纵向基因组学数据和生存结果在生物医学研究中很常见，其中基因组学数据通常是高维的。选择与生存结果相关的信息性纵向生物标志物(如基因)是非常有趣的。在本文中，我们开发了一个计算效率高的工具LCox，用于使用纵向基因组学数据选择与生存结果相关的信息性生物标志物。LCox在检测纵向生物标志物与生存结果之间不同形式的依赖性方面具有强大的功能。我们通过广泛的仿真研究表明，与现有方法相比，LCox的性能有所提高。此外，通过将LCox应用于特发性肺纤维化患者的数据集，我们能够识别出具有生物学意义的基因，而所有其他方法都无法发现任何基因。执行LCox的R包可以在https://CRAN.R-project.org/package=LCox上免费获得。

引用次数: 0

Meta-analytic framework for modeling genetic coexpression dynamics. 遗传共表达动态建模的元分析框架。

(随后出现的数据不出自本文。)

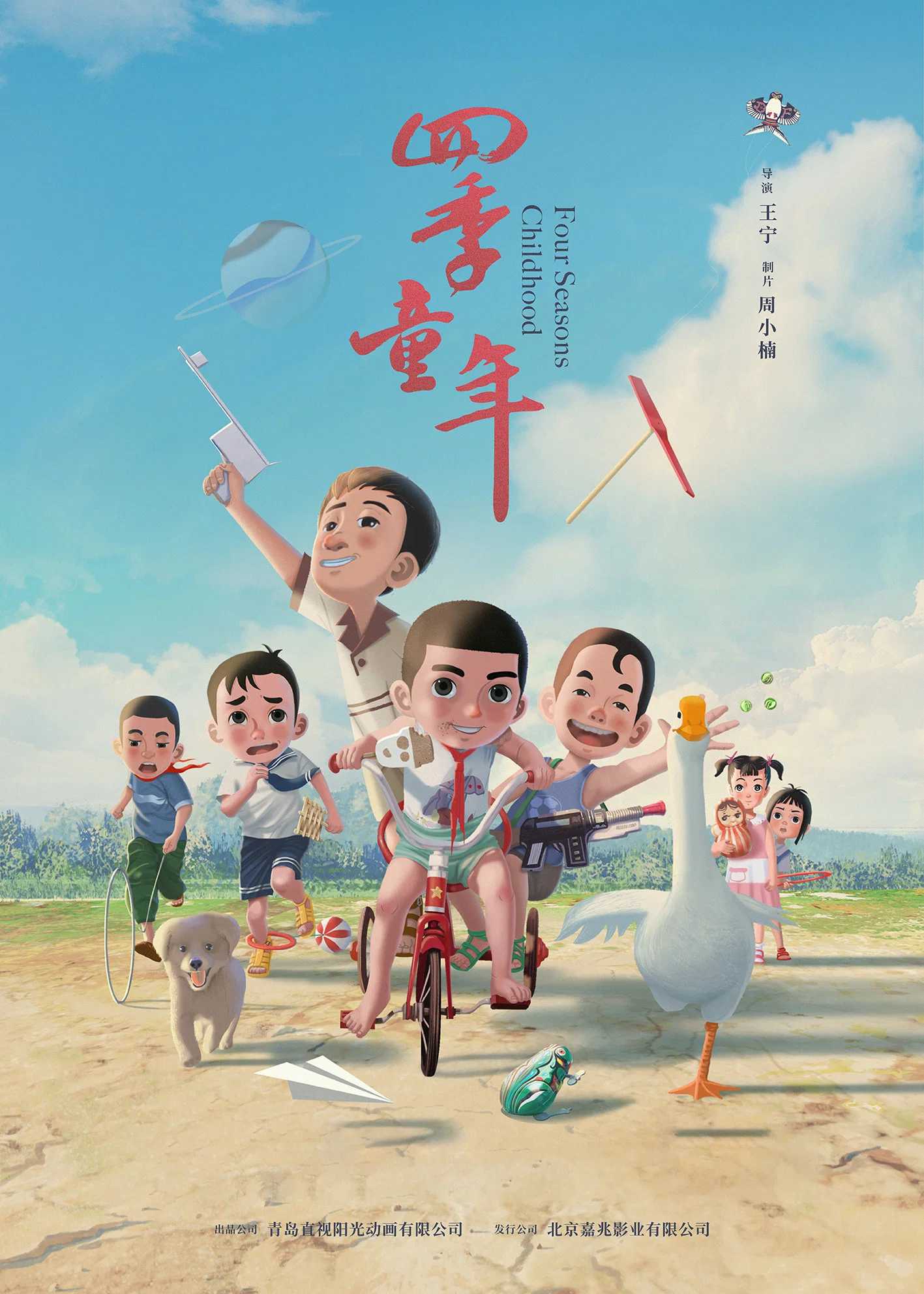四季童年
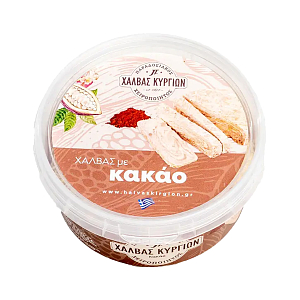 Χαλβάς Με Κακάο 450gr Κυργίων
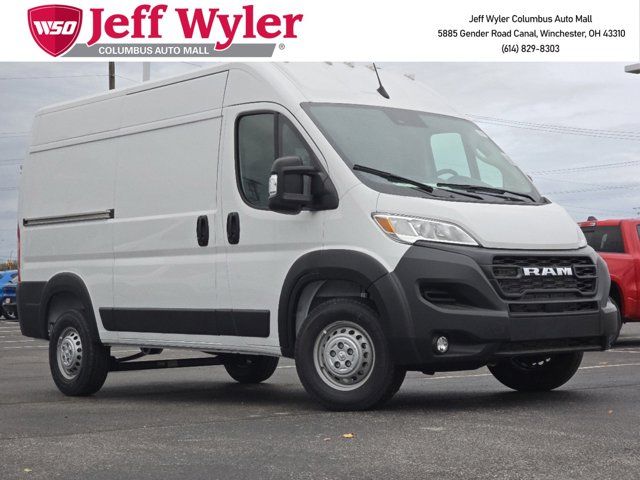 2024 Ram ProMaster Cargo Van Tradesman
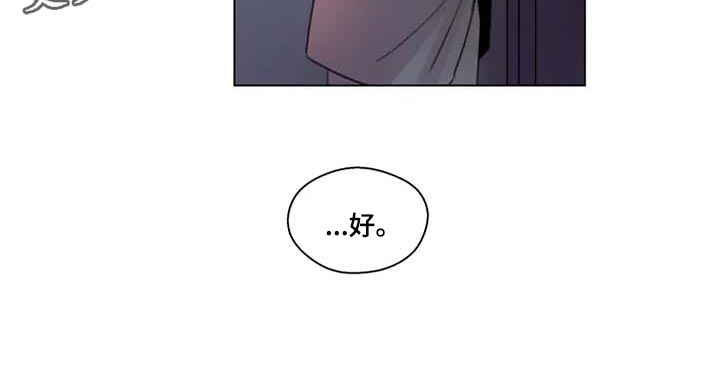 第29章：心意相通19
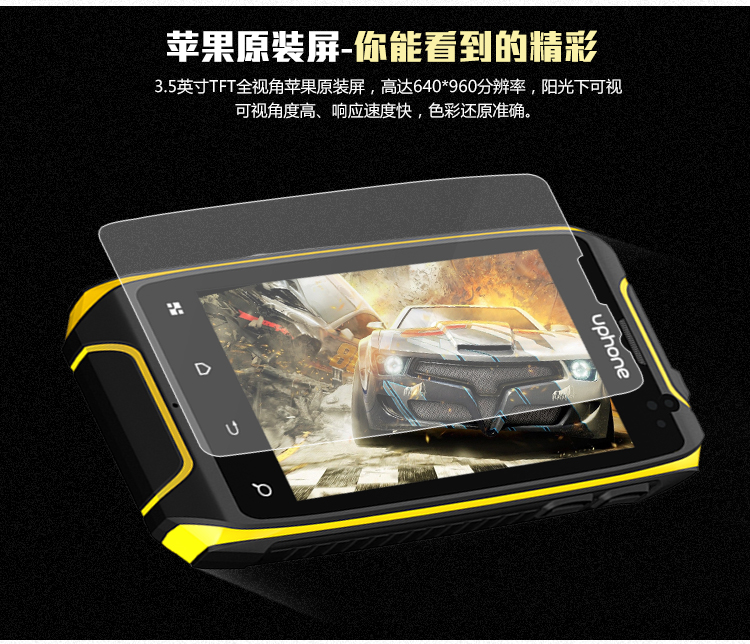 优豊(uphone) U5+ 移动2G/联通3G三防智能手机双卡双待防水手机 黑色 官方标准版
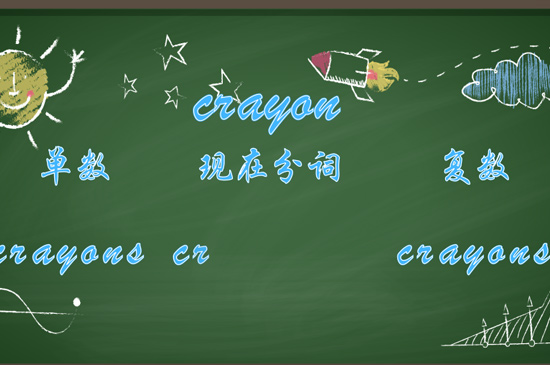 crayon怎么读 第5张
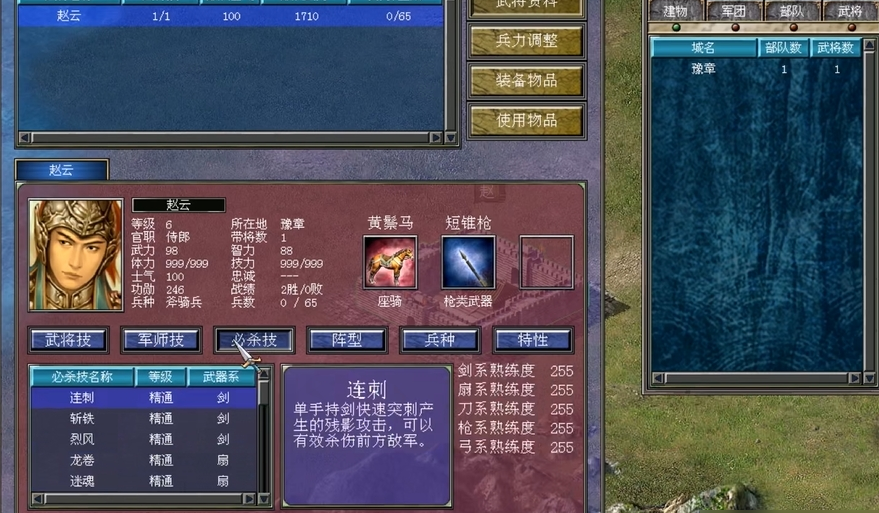 三国群英传7行军要诀怎么玩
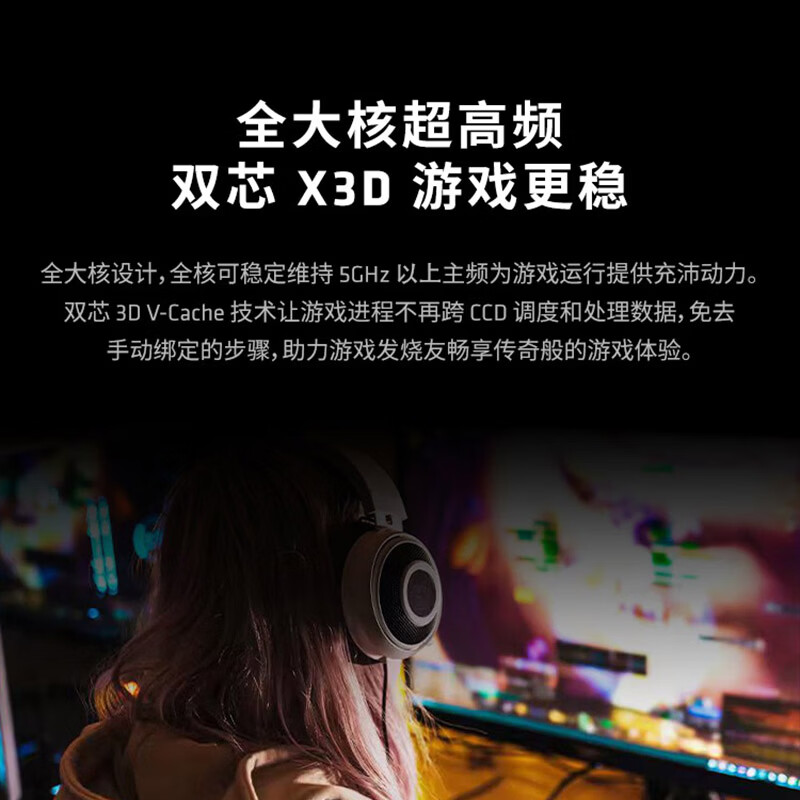 AMD Ryzen 9 9950X3D2 Dual Edition 图 8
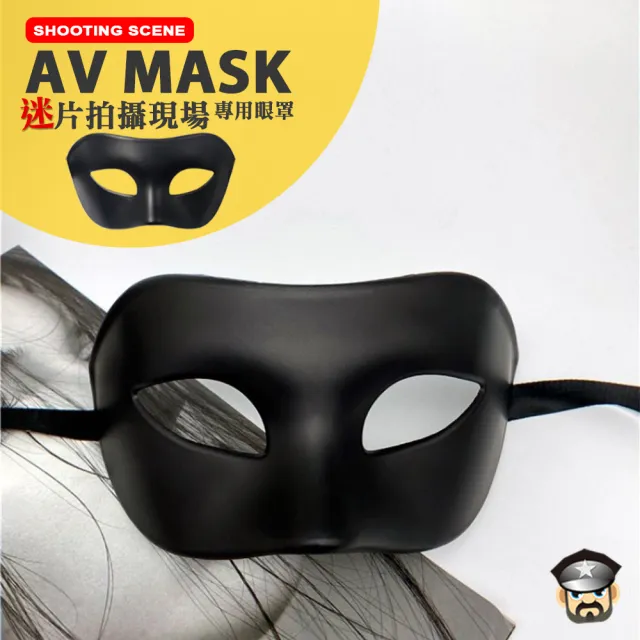【COOLGUY COLLECT】迷片拍攝現場 專用眼罩 SHOOTING SCENE AV MASK(眼罩 面具)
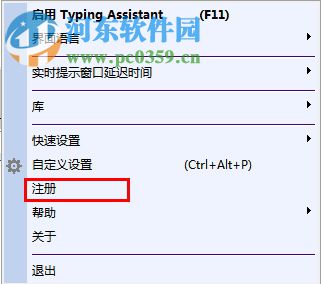 Typing Assistant中文版(打字助手) 6.1 破解版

IF 0.9 4区数学 Q3 Mathematics

Statistical Applications in Genetics and Molecular Biology

Pub Date : 2019-02-09 DOI: 10.1515/sagmb-2017-0052

Tyler G Kinzy, Timothy K Starr, George C Tseng, Yen-Yi Ho

Methods for exploring genetic interactions have been developed in an attempt to move beyond single gene analyses. Because biological molecules frequently participate in different processes under various cellular conditions, investigating the changes in gene coexpression patterns under various biological conditions could reveal important regulatory mechanisms. One of the methods for capturing gene coexpression dynamics, named liquid association (LA), quantifies the relationship where the coexpression between two genes is modulated by a third "coordinator" gene. This LA measure offers a natural framework for studying gene coexpression changes and has been applied increasingly to study regulatory networks among genes. With a wealth of publicly available gene expression data, there is a need to develop a meta-analytic framework for LA analysis. In this paper, we incorporated mixed effects when modeling correlation to account for between-studies heterogeneity. For statistical inference about LA, we developed a Markov chain Monte Carlo (MCMC) estimation procedure through a Bayesian hierarchical framework. We evaluated the proposed methods in a set of simulations and illustrated their use in two collections of experimental data sets. The first data set combined 10 pancreatic ductal adenocarcinoma gene expression studies to determine the role of possible coordinator gene USP9X in the Hippo pathway. The second experimental data set consisted of 907 gene expression microarray Escherichia coli experiments from multiple studies publicly available through the Many Microbe Microarray Database website (http://m3d.bu.edu/) and examined genes that coexpress with serA in the presence of coordinator gene Lrp.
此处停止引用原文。